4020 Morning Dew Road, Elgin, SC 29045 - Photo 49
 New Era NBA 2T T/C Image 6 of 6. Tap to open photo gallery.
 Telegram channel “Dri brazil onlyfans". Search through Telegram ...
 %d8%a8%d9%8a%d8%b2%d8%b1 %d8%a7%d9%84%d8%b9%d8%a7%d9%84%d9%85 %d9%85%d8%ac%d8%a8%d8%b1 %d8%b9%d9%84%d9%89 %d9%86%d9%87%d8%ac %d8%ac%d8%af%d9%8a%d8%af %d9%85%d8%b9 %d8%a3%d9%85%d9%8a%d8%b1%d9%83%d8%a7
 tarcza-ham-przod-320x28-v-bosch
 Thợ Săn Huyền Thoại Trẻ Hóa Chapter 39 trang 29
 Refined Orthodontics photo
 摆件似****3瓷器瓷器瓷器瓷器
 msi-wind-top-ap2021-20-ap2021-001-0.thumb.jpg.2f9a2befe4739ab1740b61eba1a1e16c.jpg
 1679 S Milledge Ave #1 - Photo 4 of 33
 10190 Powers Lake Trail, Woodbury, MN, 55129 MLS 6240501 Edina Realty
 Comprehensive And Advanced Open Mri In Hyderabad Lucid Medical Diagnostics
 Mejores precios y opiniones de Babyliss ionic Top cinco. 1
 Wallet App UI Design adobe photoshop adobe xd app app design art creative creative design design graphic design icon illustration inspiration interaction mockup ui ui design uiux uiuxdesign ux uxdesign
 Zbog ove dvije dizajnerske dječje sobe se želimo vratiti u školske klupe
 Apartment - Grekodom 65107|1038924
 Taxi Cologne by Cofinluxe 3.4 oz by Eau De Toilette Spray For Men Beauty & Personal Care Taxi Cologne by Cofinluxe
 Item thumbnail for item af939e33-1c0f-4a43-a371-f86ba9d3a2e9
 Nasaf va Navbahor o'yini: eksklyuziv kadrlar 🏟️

────────────────

[What you will do]
Look above for the line containing "through Telegram ..." and the line containing "tarcza-ham-przod-320x28-v-bosch". Transcribe both, with the lines between them, exactly.

[Response area]
 Telegram channel “Dri brazil onlyfans". Search through Telegram ...
 %d8%a8%d9%8a%d8%b2%d8%b1 %d8%a7%d9%84%d8%b9%d8%a7%d9%84%d9%85 %d9%85%d8%ac%d8%a8%d8%b1 %d8%b9%d9%84%d9%89 %d9%86%d9%87%d8%ac %d8%ac%d8%af%d9%8a%d8%af %d9%85%d8%b9 %d8%a3%d9%85%d9%8a%d8%b1%d9%83%d8%a7
 tarcza-ham-przod-320x28-v-bosch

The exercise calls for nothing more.